Your task is to repeat exactly the lines from the one with "praying at courthouse in Bellefonte" through the end of the records, both included; please leave the pictures out.
▶
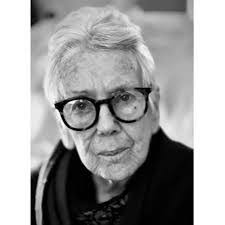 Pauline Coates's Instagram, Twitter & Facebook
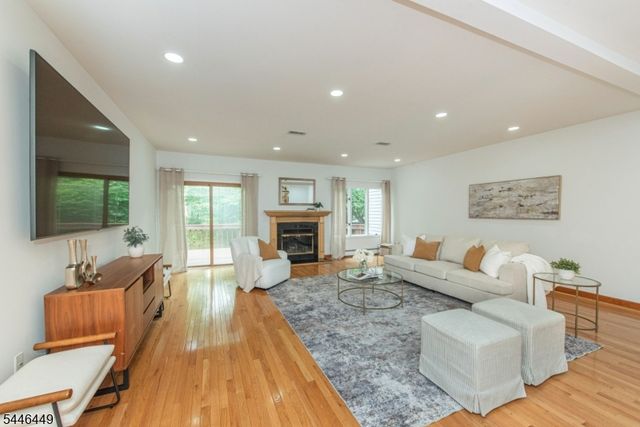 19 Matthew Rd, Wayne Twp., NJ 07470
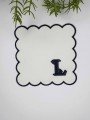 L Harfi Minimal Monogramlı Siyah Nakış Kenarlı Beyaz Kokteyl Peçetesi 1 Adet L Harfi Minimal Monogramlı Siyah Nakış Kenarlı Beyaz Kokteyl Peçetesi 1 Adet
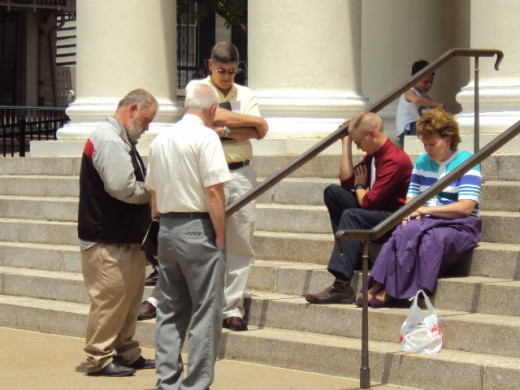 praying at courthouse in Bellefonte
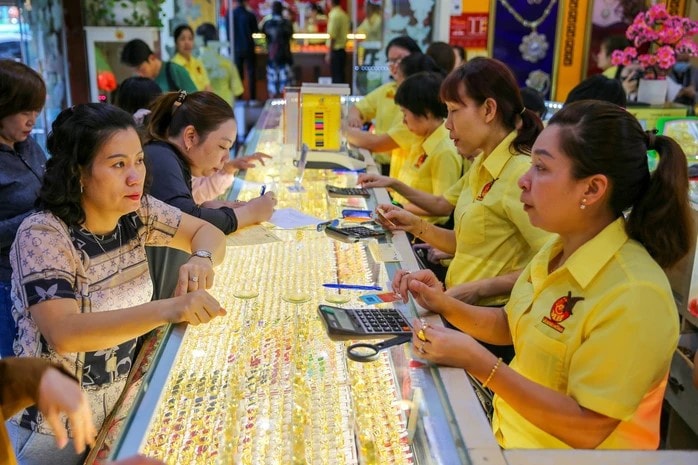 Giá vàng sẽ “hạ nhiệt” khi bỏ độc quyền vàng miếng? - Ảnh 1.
◀
▸ Answer box
 praying at courthouse in Bellefonte
 Giá vàng sẽ “hạ nhiệt” khi bỏ độc quyền vàng miếng? - Ảnh 1.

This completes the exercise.